GDS : Quels sont les grands enjeux fonciers du moment en Afrique de l’Ouest selon le Roppa ?
Mamadou Goita : La situation est assez critique. Une grande majorité des pays membres sont sahéliens. Ceuxci sont confrontés au problème de la disponibilité des terres fertiles, aux difficultés d’accès à la terre, notamment pour les groupes les plus marginaux. De plus, si les gens ont accès à la terre, leurs droits ne sont en général pas sécurisés. On peut dire que nous sommes dans une situation de transition. Cette transition est relative aux politiques foncières qu’on voit émerger ici ou là et aux évolutions juridiques cherchant à mettre en place des balises pour sécuriser les utilisateurs du patrimoine foncier. Globalement la situation n’est déjà pas bonne, mais elle empire encore avec des phénomènes comme l’accaparement des terres, selon des modes d’appropriation qui diffèrent d’un pays à un autre.
GDS : Comment définissez vous l’accaparement des terres ?
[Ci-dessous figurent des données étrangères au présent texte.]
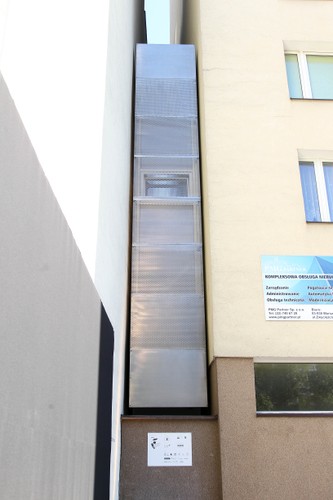 Organizatorem Domu Kereta jest Fundacja Polskiej Sztuki Nowoczesnej.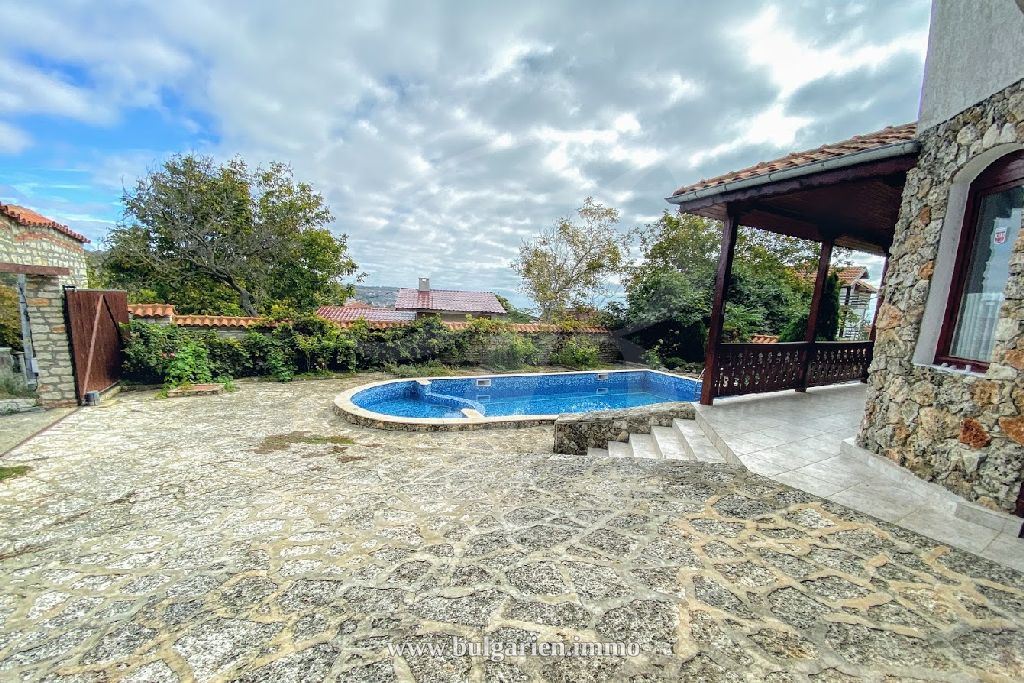 Schönes Haus am Meer mit Meerblick in Balchik * Verkauft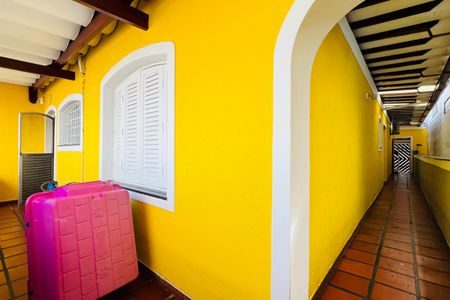 Casa à venda com 320m², 5 quartos e 3 vagas Casa à venda com 320m², 5 quartos e 3 vagasÁrea externa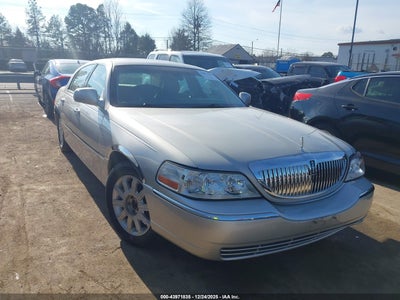 LINCOLN TOWN CAR 2007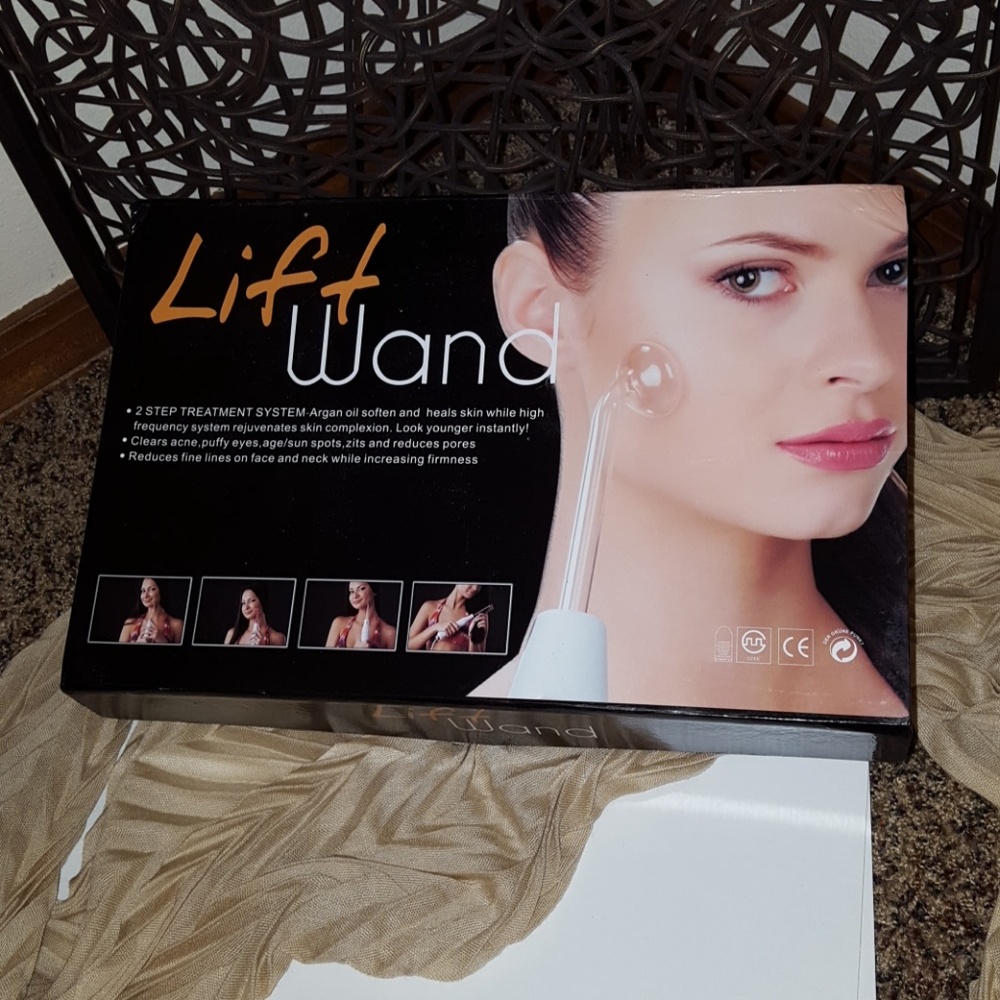 Lift Wand. Used a few times. New condition.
MG : Les gens ont souvent une vision étriquée de ce concept. Certains limitent l’accaparement à des cas de cession (vente ou location à très long terme) de larges superficies (au-delà de 20 000 ha) par des acteurs étrangers, industries ou investisseurs. Pour le Roppa, l’accaparement est une notion beaucoup plus large. Cela renvoie à toute forme de transfert (cession, vente, location, emprunt) de terres à un opérateur national ou étranger qui a une influence sur la sécurité foncière des exploitations familiales, quelles que soient les superficies concernées. La taille n’est pas un critère fondamental : un accaparement de 5 ha en Guinée Bissau, en Gambie ou au Bénin, qui sont des pays où la disponibilité des terres agricoles est très réduite, et où les populations sont très denses, peut provoquer de grands dommages. Nous n’en faisons pas non plus une question de nationalité : nous parlons d’accaparement par des opérateurs nationaux aussi. Il y a aussi un débat sur les productions visées par l’accaparement. Au Roppa nous disons que ce n’est pas lié au type de production. Que ce soit pour produire de l’alimentation, (du mil, du riz…) ou bien du jatropha on peut parler d’accaparement. L’accaparement renvoie à cette idée que quelqu’un s’approprie un bien qui ne lui appartient pas.
GDS : Quels sont les arguments de ceux qui soutiennent que l’Afrique ne peut pas se passer des investisseurs, notamment étrangers, pour développer l’agriculture ?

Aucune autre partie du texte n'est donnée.